New-onset diplopia is neurological until proven otherwise — and fatigue-related diplopia still deserves respect.

Feb 26, 2026
∙ Paid
blue eye photo
Photo by Ion Fet on Unsplash

As understanding of post-COVID syndromes matures, clinicians increasingly encounter neurological symptoms extending beyond fatigue and cognitive dysfunction. Visual complaints are common, but most are non-specific.

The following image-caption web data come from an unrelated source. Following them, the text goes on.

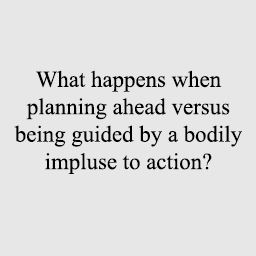 The Artist as a Cartesian Dualist or as a Motor Intentionalist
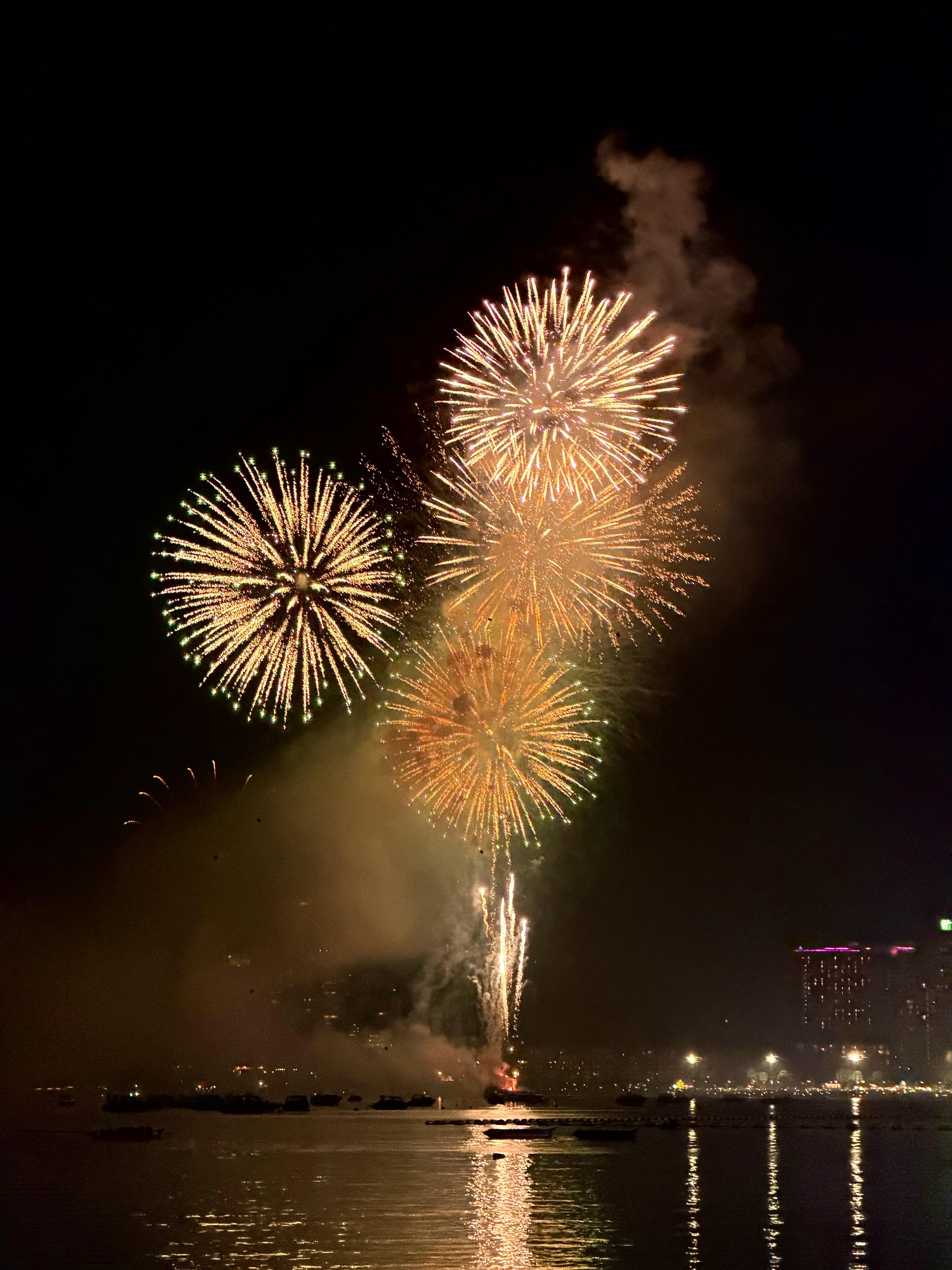 在芭提雅跨年啦，真理寺去了，绿山动物园去了，东方公主号去了，海滩上的烟花秀看了，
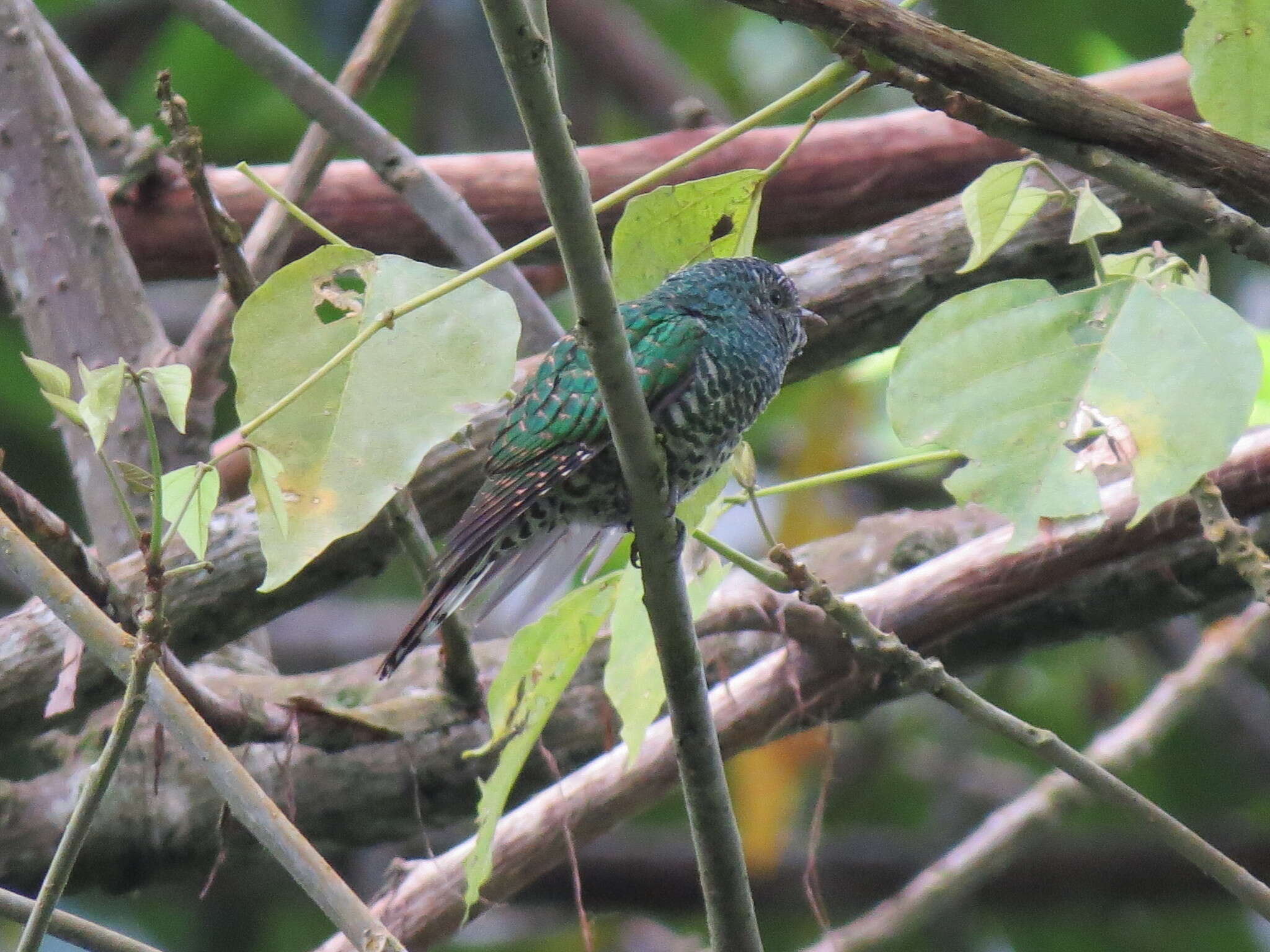 Image of African Emerald Cuckoo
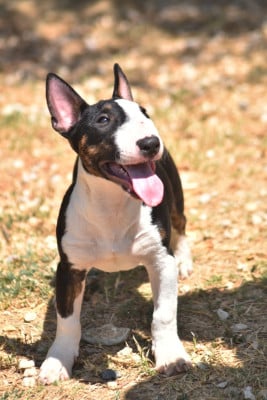 Les chiots de Bull Terrier Miniature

Diplopia is less frequent, yet it warrants careful attention because it usually indicates disturbance of ocular alignment or ocular motor control rather than primary ocular surface disease.

The published evidence to date supports a cautious position: ocular motor palsies and diplopia have been reported following SARS-CoV-2 infection, chiefly in acute and subacute settings, and their prevalence and natural history within clearly defined Long Covid cohorts remain incompletely characterised. Early in the pandemic, Neurology reports described COVID-19 presenting with ophthalmoparesis attributable to cranial nerve palsy. Subsequent literature has continued to document oculomotor, trochlear, and abducens nerve palsies temporally associated with COVID-19 infection.

Beyond discrete cranial nerve palsies, a separate strand of evidence concerns oculomotor control in post-COVID condition (PCC). Objective eye-tracking studies in PCC, particularly among individuals with cognitive complaints, have reported alterations across saccades, pursuit, fixation, vergence, and pupillary parameters. Other cohorts have reported vision-related symptoms and measurable oculomotor findings in non-hospitalised post-COVID populations. These studies support the broader proposition that ocular motor function may be affected in some PCC patients. However, it remains premature to claim that specific syndromes such as convergence insufficiency are common without stronger prevalence data.

A small but important differential is myasthenia gravis (MG). New-onset MG has been reported after SARS-CoV-2 infection, sometimes beginning with oculo-bulbar symptoms including diplopia and ptosis. While myasthenia gravis is unlikely to explain most post-COVID visual complaints, its consequences are significant enough that fluctuating diplopia or fatigable ptosis should trigger appropriate evaluation and referral.

For generalists, the practical message remains one of measured vigilance. New-onset diplopia requires structured assessment and urgent triage where red flags are present. Where investigations are unrevealing and symptoms are stable, a post-infectious mechanism may be considered---but only after exclusion of time-critical pathology.

In summary, the evidence supports that diplopia and ocular motor dysfunction can occur after SARS-CoV-2 infection, and objective studies suggest oculomotor control changes in some PCC patients. What remains uncertain is how often diplopia forms part of Long Covid, which patients are at risk, and which interventions best help. Until better cohort data emerge, clinical curiosity should be paired with careful follow-up.